The bloc never caught up. On Friday, the UK, for example, had given 46.85% of their citizens at least one dose, compared to 14.18% in the EU.
The EU also made the mistake of overly equating securing vaccines with getting shots in the arms – and underestimating the difficulties involved in mass producing and distributing such a delicate product. While EU negotiators were focusing on liability clauses in a contract, other nations were thinking about logistics and pushing for speed and volume.
And while nations like the United States were sealing their borders to vaccine exports, the EU took the high moral ground and kept exports flowing – to the extent that over the first quarter of the year almost as many doses left the bloc for third countries as were delivered to the clamoring EU member states.
On top of missteps with the vaccine rollout, the EU will be slow to disburse money from its 750 billion-euro (USD 890 billion) rescue package, which will share debt and give out grants to poorer members in an unprecedented way. But bickering among leaders over some clauses and intricate rules have made it anything but a speedy process. What’s worse, the German constitutional court could still torpedo or further delay the whole initiative.

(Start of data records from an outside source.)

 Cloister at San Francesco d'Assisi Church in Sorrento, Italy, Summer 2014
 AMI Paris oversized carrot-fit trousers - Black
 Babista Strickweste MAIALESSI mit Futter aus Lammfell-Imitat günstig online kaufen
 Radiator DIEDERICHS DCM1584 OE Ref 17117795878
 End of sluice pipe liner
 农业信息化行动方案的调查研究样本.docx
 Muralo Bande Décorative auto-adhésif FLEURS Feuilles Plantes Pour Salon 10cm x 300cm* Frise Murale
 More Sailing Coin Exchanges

The nature of the crisis may be different from past ones, but familiar obstacles arose: onerous bureaucracy, unnecessary delays as legalistic and technical disputes overshadowed the bigger picture, and bickering politicians putting self-interest before the common good.

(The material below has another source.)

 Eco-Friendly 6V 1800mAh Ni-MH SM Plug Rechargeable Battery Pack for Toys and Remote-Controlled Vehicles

This past week was a case in point. The EMA reiterated its advice for all member nations to stand together – this time to keep on using the AstraZeneca jabs for all adults despite a possible link to extremely rare cases of blood clotting.
Instead, hours after the announcement, Belgium went against that recommendation, barring AstraZeneca for citizens 55 and under, and others issued or kept similar restrictions.